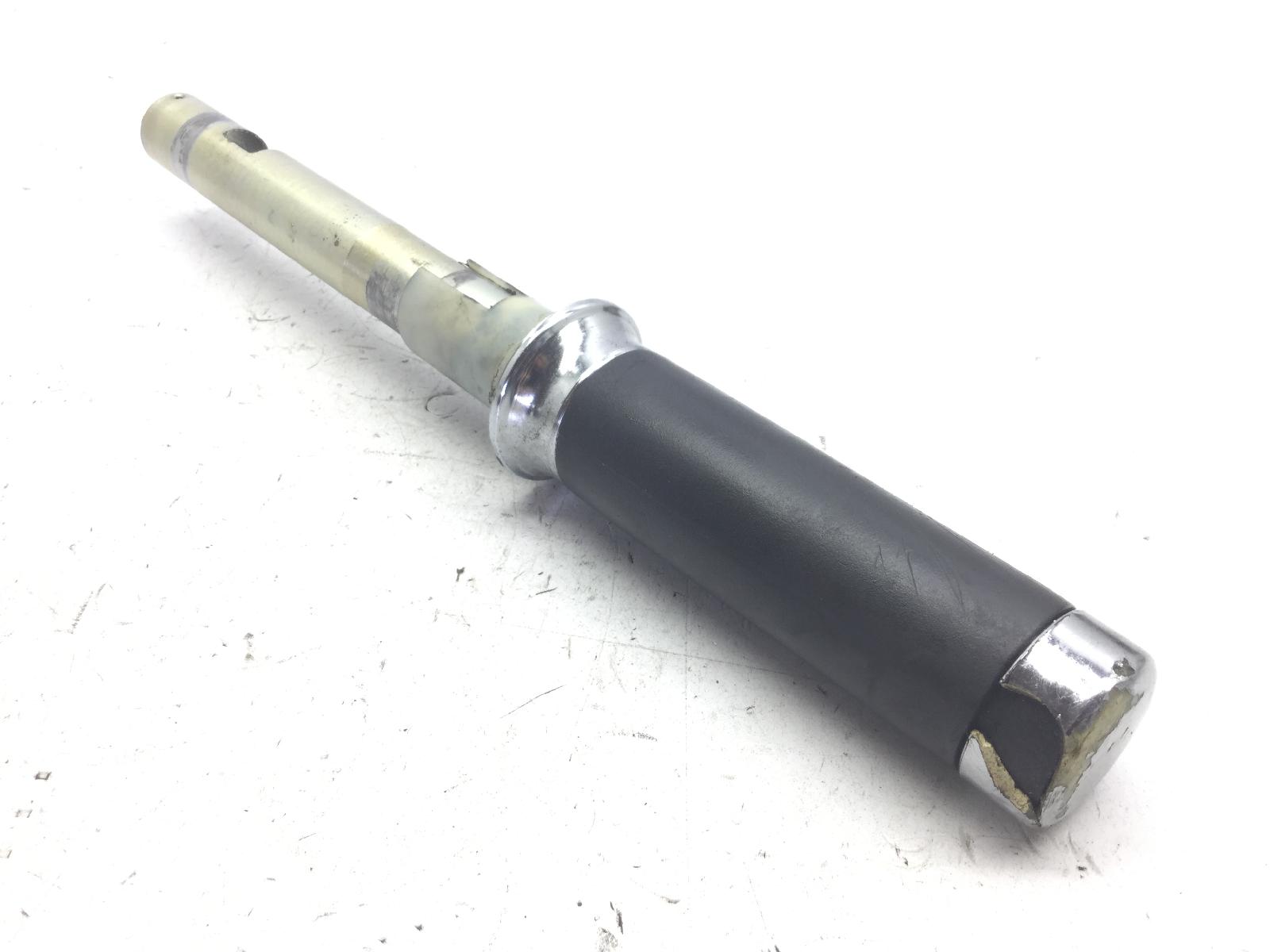 Lml star deluxe 4t e3 200 manopola comando gas acceleratore manubrio 2011 2015 md7m10b14f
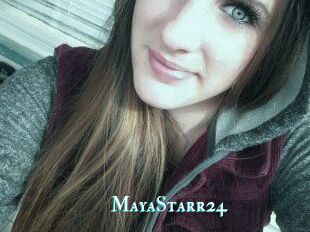 MayaStarr24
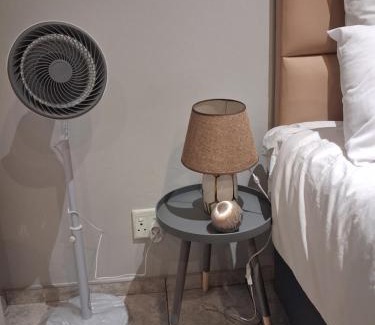 Windhoek West Apartamento | TripleM comfort zone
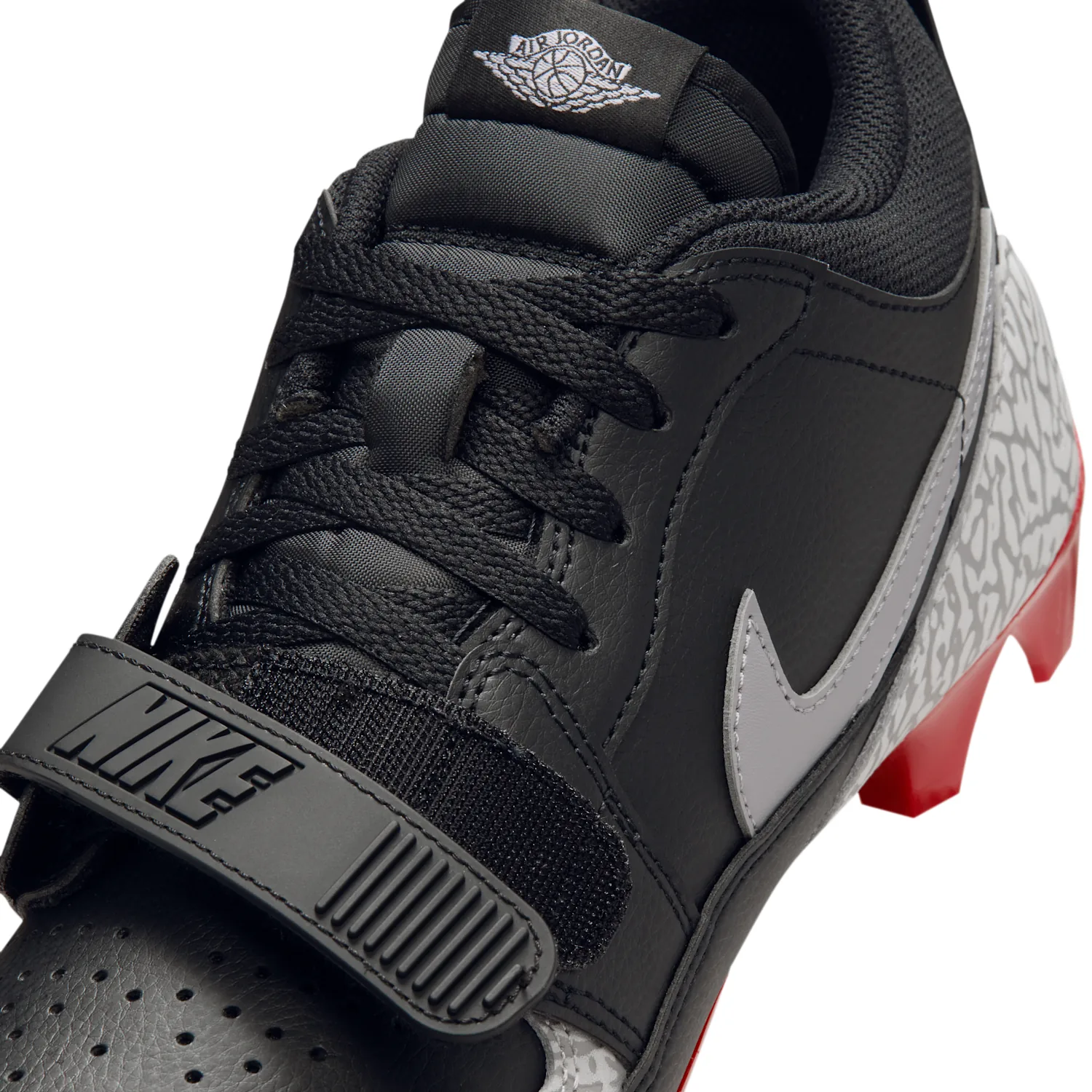 Jordan Legacy 312 Low TD image 8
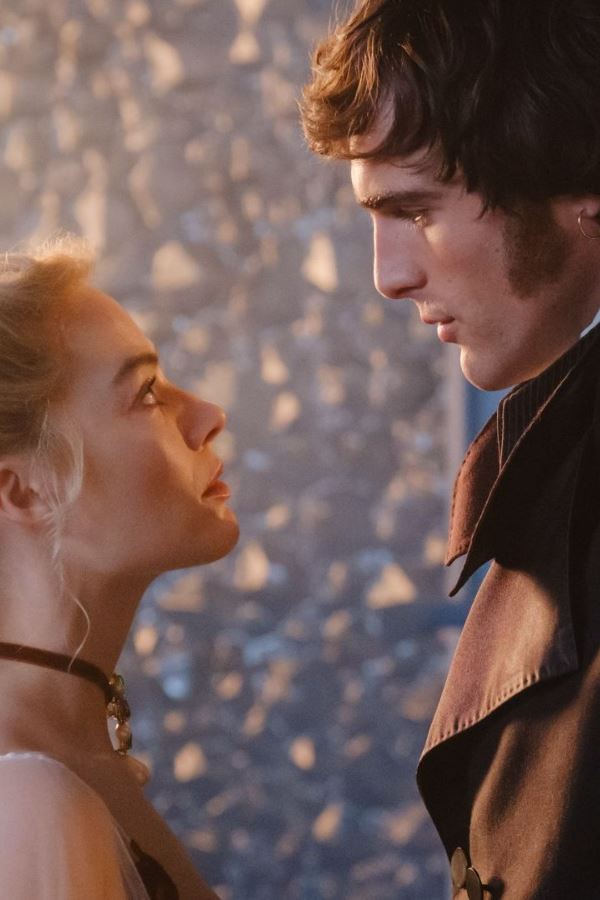 Jacob Elordi e Margot Robbie viveram “amor de verdade”?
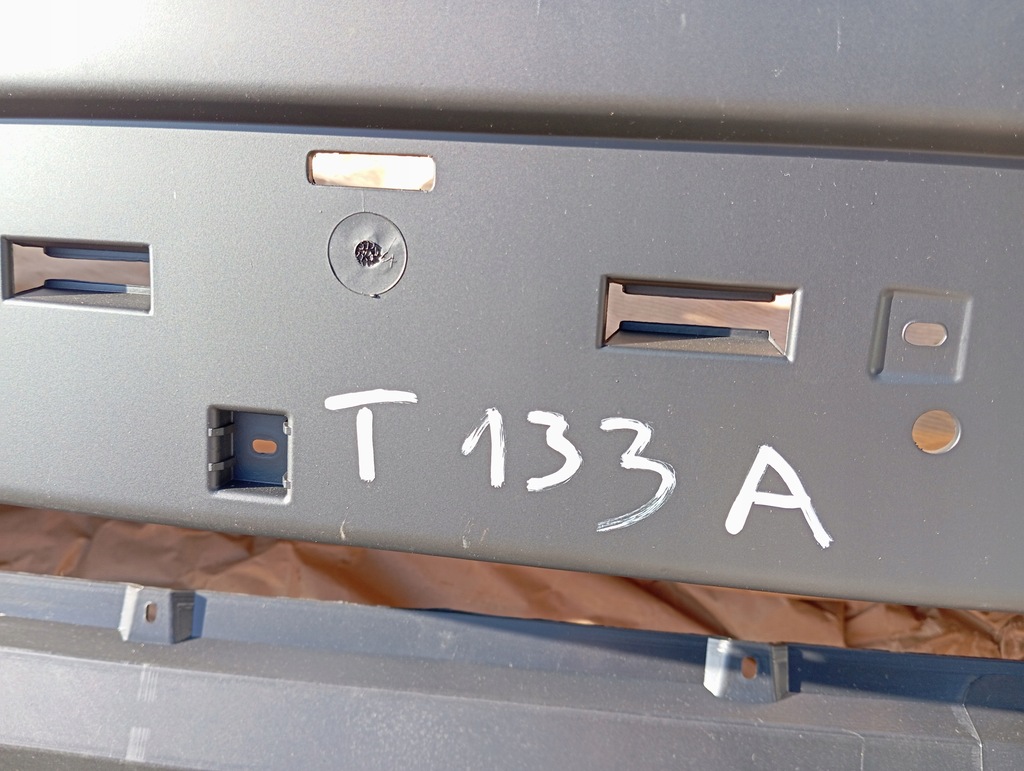 фото №8, Бампер перед передний dacia sandero ii logan 620229493r nowa оригинал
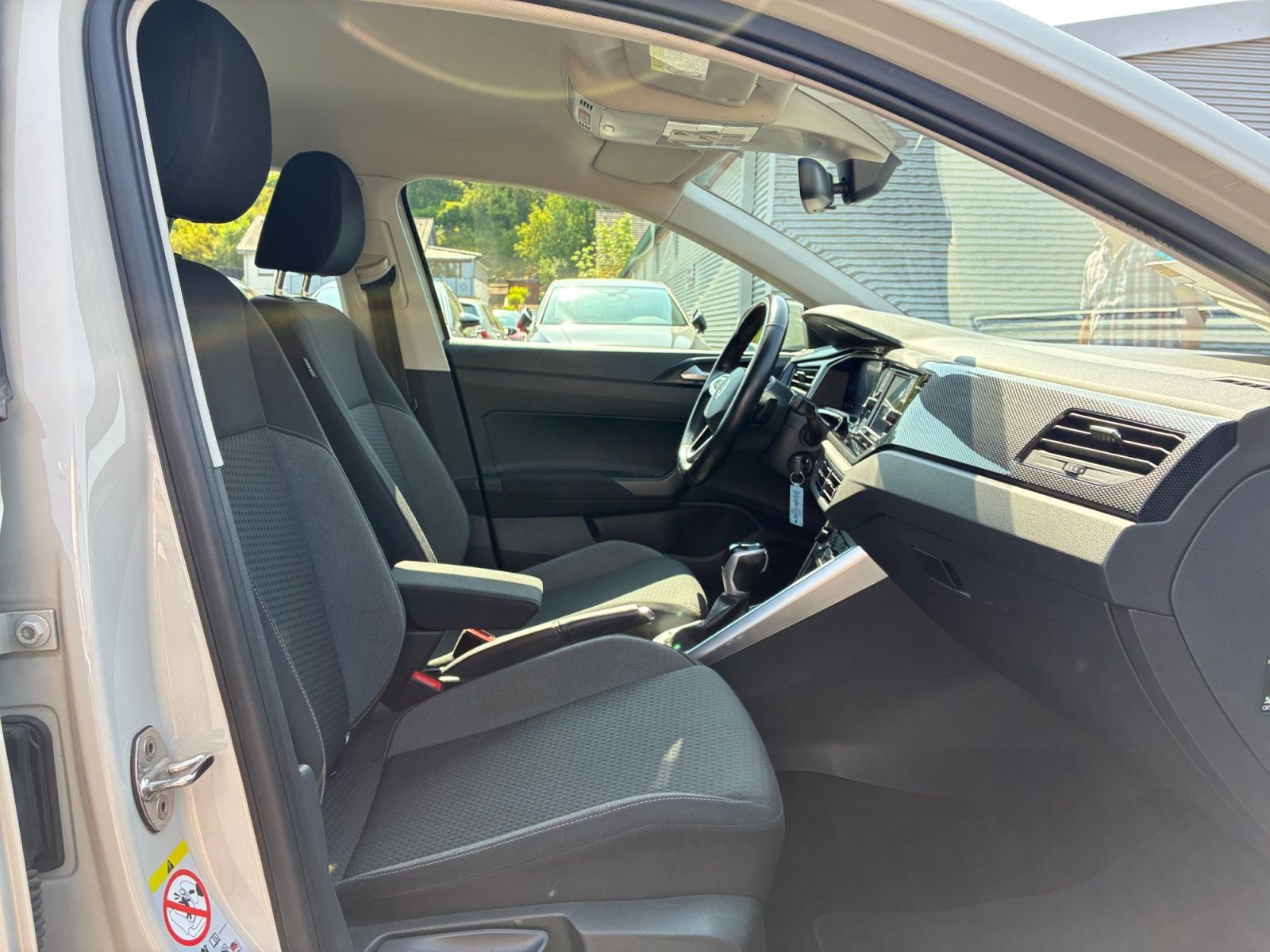 Volkswagen Taigo - Bild 17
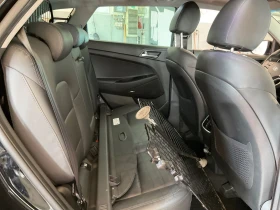 Hyundai Tucson 2.0* CRDi* Hybrid* Premium* 4WD | Mobile.bg    10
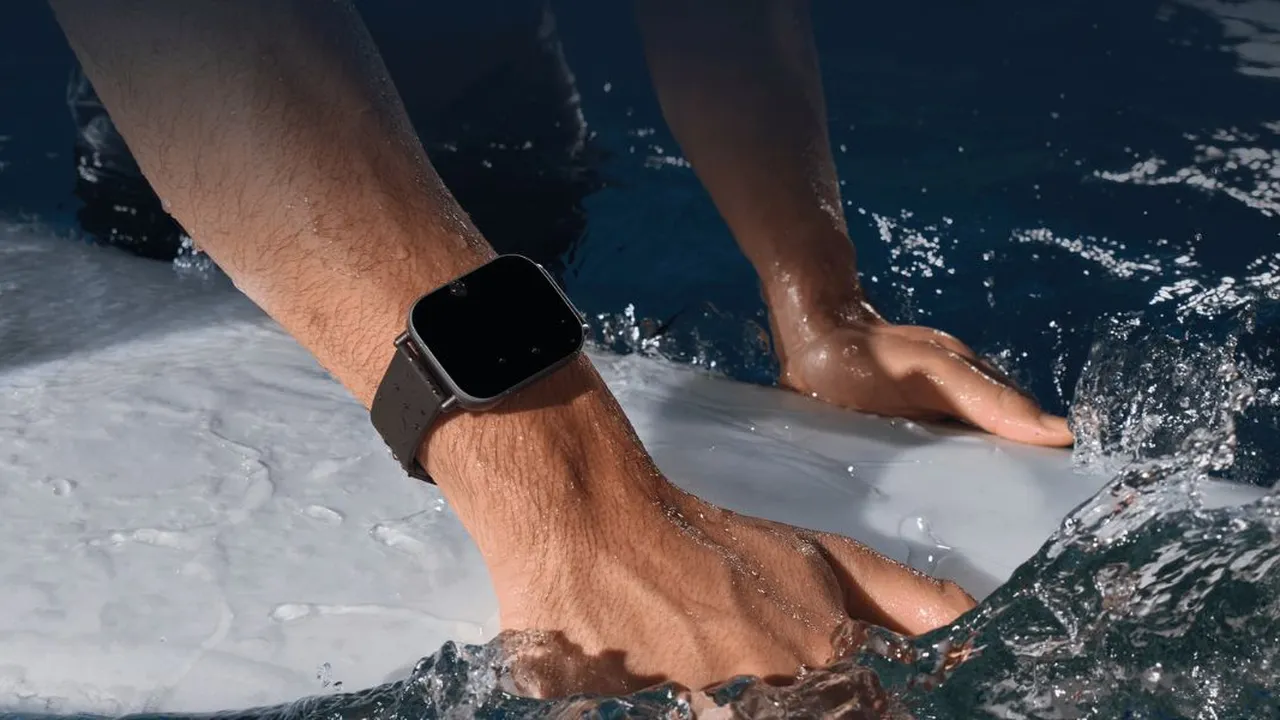 Harga Terbaru Redmi Watch 5 Lite vs. 5 Active, Siapa yang Unggul?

* **Directions for this task**
The output should consist of every entry above, printed exactly, with the images removed.

* **Written response**
 Lml star deluxe 4t e3 200 manopola comando gas acceleratore manubrio 2011 2015 md7m10b14f
 MayaStarr24
 Windhoek West Apartamento | TripleM comfort zone
 Jordan Legacy 312 Low TD image 8
 Jacob Elordi e Margot Robbie viveram “amor de verdade”?
 фото №8, Бампер перед передний dacia sandero ii logan 620229493r nowa оригинал
 Volkswagen Taigo - Bild 17
 Hyundai Tucson 2.0* CRDi* Hybrid* Premium* 4WD | Mobile.bg    10
 Harga Terbaru Redmi Watch 5 Lite vs. 5 Active, Siapa yang Unggul?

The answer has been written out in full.